A new feature for this summer’s schedule is The Hundred – the ECB’s latest attempt to garner a new, younger cricketing audience with another T20-esque short, fast-paced format.
With the T20 Blast flourishing and opposition being voiced to The Hundred’s featuring city-based teams, rather than counties, there are still some doubters. But, all being well, we’ll get out first glimpse of the tournament this summer.
However, with no actual cricket to write about for the time being, I’ve taken it upon myself to craft a team for the Manchester Originals – Lancashire’s team in The Hundred.
After a gruelling selection process, in which I have only considered players who have played for Lancashire. I’ve got an eleven, who I am including at what they were like at their peaks – I’m not expecting Clive Lloyd to turn out aged 75.
It may sound nonsense, but so is The Hundred.
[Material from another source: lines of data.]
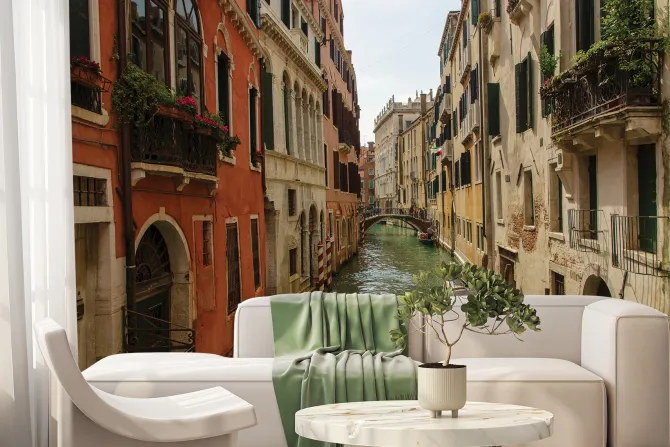 Fototapeta: Wenecki kanał wodny wśród kamienic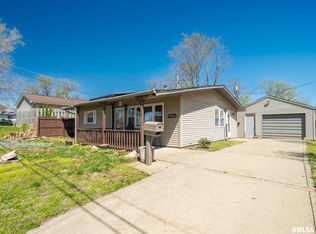 1610 N 14th St, Pekin, IL 61554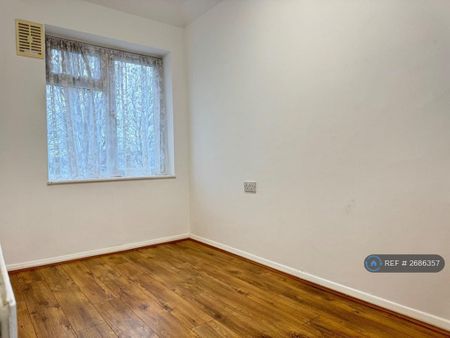 5 bedroom semi-detached house to rent - Photo 3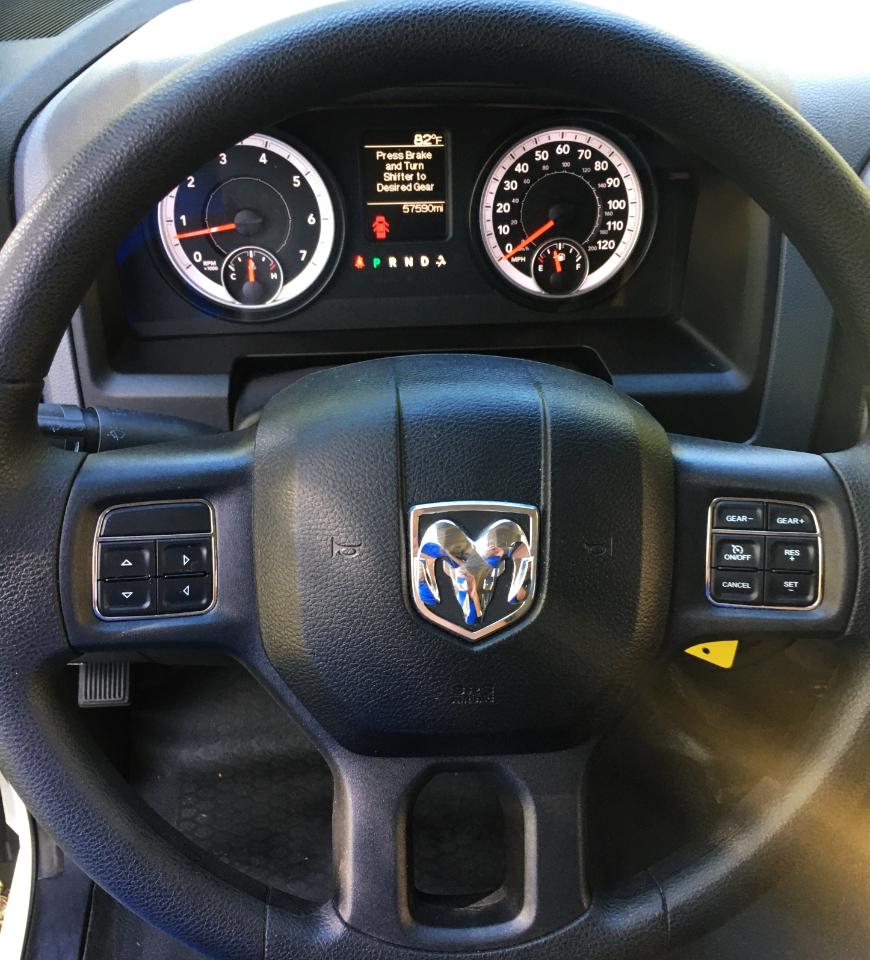 RAM 1500 2WD Quad Cab 140.5" Tradesman 2013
So don’t take it too seriously.
1. Sanath Jayasuriya
The Sri Lankan had an incredibly brief spell as a Lancashire player, joining as cover for countryman Muttiah Muralitharan for several Twenty20 cup games back in 2007.
With a top score of 32 from his four innings, the Sri Lankan hardly set the world alright in his spell at Old Trafford, but looking at his international record, you couldn’t leave him out of a team for The Hundred.
Having played in 445 ODIs, scoring 28 centuries, and boasting a T20 career strike rate of 140.08, Jayasuriya is one of the game’s iconic white ball batsmen. He should provide some boundaries from the start for this team.
2. Joss Buttler (wicketkeeper)
Buttler is the only player in this team who will actually turn out for Manchester Originals in real life, signing as a centrally contracted player for this summer’s tournament.
The England international joining Jayasuriya at the top of order means that my opening pair will be right-hand / left-hand, which can only be a good thing in a short game.
One of England’s and the world’s best limited overs batsmen, Buttler’s batting position in T20 cricket has been much debated. However, I will open with the wicketkeeper batsman, hoping that his average of 30.43 and strike rate of 144.73 in T20 cricket will translate to success against the new ball in the new format.
His excellent limited overs keeping is also a plus. For all we know, games in The Hundred could be decided by the barest of margins.
3. Andrew Flintoff
Despite not having the most impressive T20 batting record, boasting a modest average of 22.76, Andrew Flintoff, affectionately known as Freddie, was the first name I thought of when I came up with this hastily prepared daft idea.
The most exciting cricketer of his generation, Flintoff became a superstar after the dramatic Ashes win in 2005, scoring 402 runs at 40.2 and taking 24 wickets at 27.29. England’s man of the series became the world’s premier all-rounder and captured the nation’s imagination – becoming English cricket’s first bonafide hero in a generation.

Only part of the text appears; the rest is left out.